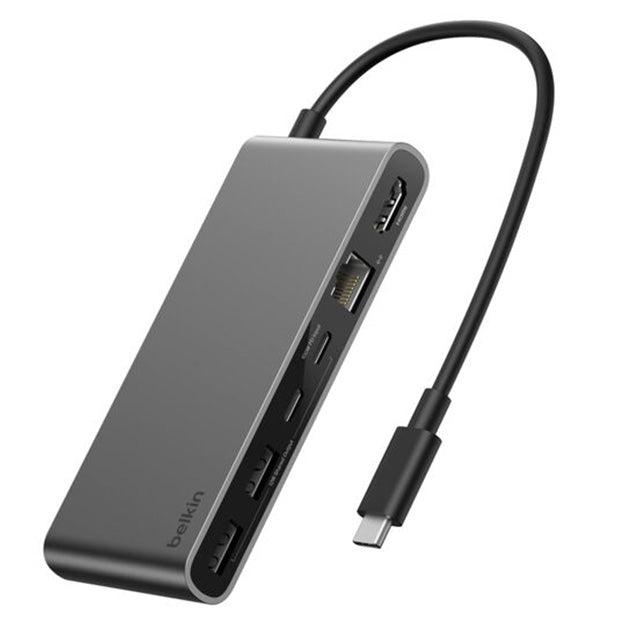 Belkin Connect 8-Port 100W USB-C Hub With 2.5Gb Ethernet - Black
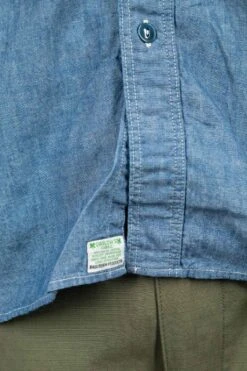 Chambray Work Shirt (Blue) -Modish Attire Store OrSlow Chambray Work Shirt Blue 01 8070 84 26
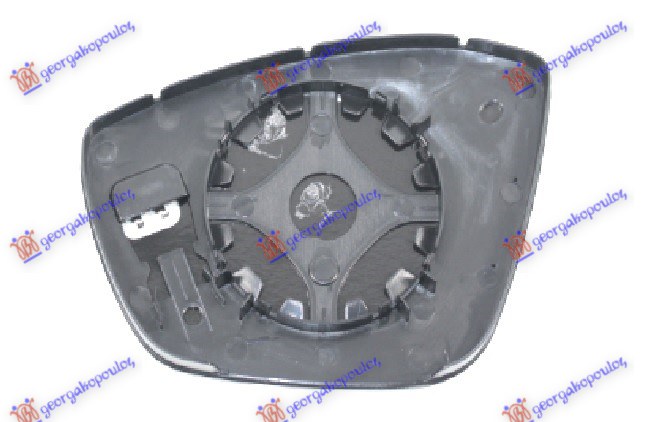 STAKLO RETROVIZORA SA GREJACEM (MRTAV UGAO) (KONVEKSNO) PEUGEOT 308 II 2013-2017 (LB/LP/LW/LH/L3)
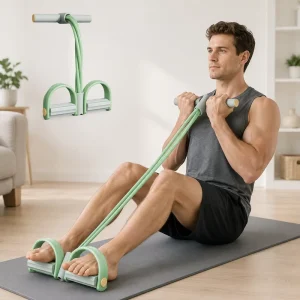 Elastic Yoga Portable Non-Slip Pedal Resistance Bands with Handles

(Problem description):
The aim is an exact repeat of the entire listing, stripped of pictures.

(Completed task):
 Belkin Connect 8-Port 100W USB-C Hub With 2.5Gb Ethernet - Black
 Chambray Work Shirt (Blue) -Modish Attire Store OrSlow Chambray Work Shirt Blue 01 8070 84 26
 STAKLO RETROVIZORA SA GREJACEM (MRTAV UGAO) (KONVEKSNO) PEUGEOT 308 II 2013-2017 (LB/LP/LW/LH/L3)
 Elastic Yoga Portable Non-Slip Pedal Resistance Bands with Handles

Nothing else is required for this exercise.